Chi è Fabio Rovazzi? Uno youtuber da milioni di visualizzazioni, un cantante da ben undici dischi di platino (senza aver mai pubblicato un album), un attore in erba (dal 18 gennaio nelle sale cinematografiche con il film Il vegetale, distribuito da The Walt Disney Company).
La carriera di Rovazzi inizia sul web, realizza sketch per Youtube e si confonde, senza eccessiva fatica, in mezzo a centinaia di altri giovani youtuber come lui, a proprio agio davanti alla telecamera di uno smartphone e pronti a inondare i social network di brevi video comici, spesso ironici e dissacratori.
Ma il successo, per il giovane milanese, arriva nel 2016, quando pubblica la hit estiva Andiamo a comandare, che – ad oggi – è stata certificata cinque volte disco di platino. Seguono Tutto molto interessante e Volare, che lo vede collaborare al fianco di Gianni Morandi.
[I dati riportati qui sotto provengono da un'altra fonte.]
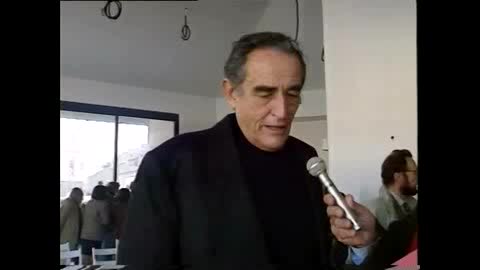 Vittorio Gassman intervistato durante Expò92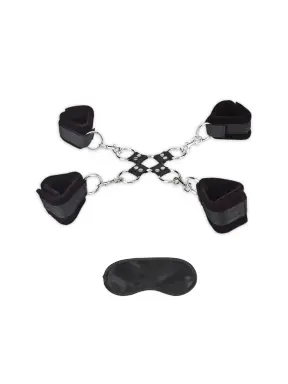 5 piece hogtie set with soft quick release cuffs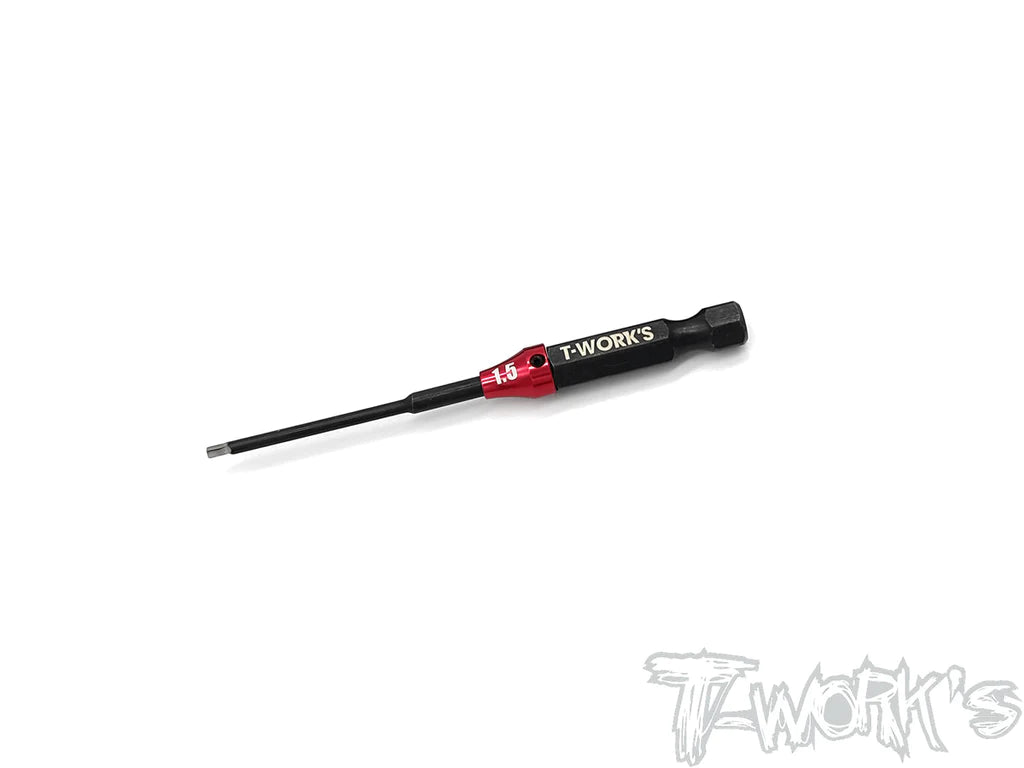 T-Works TT-079 T-Work's Power Tool Hex Tip SET - 1.5, 2.0, 2.5, 3mm - RCXX - rc racing for professionals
E adesso tocca al cinema: dal 18 gennaio, come anticipato, Rovazzi sarà il protagonista de Il vegetale, un film di Gennaro Nunziante.
Sorge spontaneo porsi una domanda: ma Rovazzi è un artista? È difficile trovare una risposta che non finisca per scontentare qualcuno. Rovazzi è figlio di questi tempi, è incontestabile, questa è la sola verità che esista. E ne è persino l’emblema.
Mi amareggia ammetterlo, ma la nostra società – compromessa com’è – permette un fenomeno per me inconcepibile: consente a chiunque di improvvisarsi artista.
Chi nasce youtuber, può ritrovarsi tra gli scaffali di una libreria o in cima ad una classifica di hit, su uno schermo cinematografico o su un’isola deserta.
E quando parlo di prodotti – se serve ancora chiarirlo – non mi riferisco affatto a oggetti materiali, ma a persone. Rovazzi è un prodotto perfetto: ha un imponente seguito sui social, quindi è spendibile sul mercato, lo dimostra il successo dei suoi brani, primi in classifica per settimane intere, e lo dimostrerà – ne sono convinto – il film che, tra pochi giorni, lo vedrà protagonista.
Artisti si nasce e non si diventa, un’arte può essere perfezionata ma non certamente improvvisata: questa convinzione muore inesorabilmente quando Rovazzi (o chi come lui) diventa uno dei nomi più richiesti e passati dai network radiofonici.
È evidente ci sia qualcosa che non va, una lacuna – alla base – da risanare quanto prima. Lo dimostrano queste parole di Rovazzi: «In quarta superiore ho abbandonato la scuola, scelta che mi ha permesso di sperimentare strade più mie. Se vai a un colloquio e nella valigetta hai quattro buone idee, a nessuno frega niente del titolo di studio o dell’Academy che hai frequentato. Quello è sempre stato il mio bagaglio e finora ha funzionato».
È avvilente constatare che, nel nostro Paese, funziona esattamente così. Ma un messaggio del genere non può e non deve passare, non può e non deve arrivare ad una generazione compromessa come quella che fa – di Rovazzi – un punto di riferimento, un idolo e un esempio da emulare. E, sia ben intenso, è dell’artista che parlo, del prodotto, del fenomeno, del personaggio, chiamatelo come vi pare, mi riferisco a quello che di lui è stato fatto. Studiare è fondamentale, tanto quanto avere una buona intuizione, un talento naturale e discreta dose coraggio.
Va bene persino l’ostinazione, ma il successo non è collezionare followers, anche se vogliono farlo credere; non è fingersi qualcosa che non si è; non è nemmeno inventarsi un’arte. È molto pericoloso pensare che basti un account web per costruire una carriera, che basti emulare un tenore di vita per farne parte, che basti improvvisarsi qualcosa per esistere. Essere figli di questi tempi significa appartenere ad un fenomeno di passaggio e, senza troppa cautela, mi sento di dire resterà ben poco. Quasi nulla, a dire il vero.
Un modo per fermare questa miseria esiste ed è sostenere la buona musica, il buon cinema, il buon giornalismo, la buona letteratura, il buon web, perché c’è del buono ovunque, basta saper distinguere un fenomeno da un genio, un prodotto da un talento, l’arte da un’imitazione. Ma temo che il pubblico, diseducato all’arte e assuefatto da quello che gli viene proposto, non sappia più fare una distinzione, credo non ne abbia i mezzi, è impreparato alla scelta, accoglie stancamente quello che riceve, senza averne coscienza.
Chi è, dunque, Rovazzi? Un genio, un fenomeno o soltanto un prodotto? Una cosa è certa: è esattamente il simbolo di questi tempi che corrono, che dimenticano, che improvvisano. Rovazzi è figlio di un’Italia che non ci fa volare.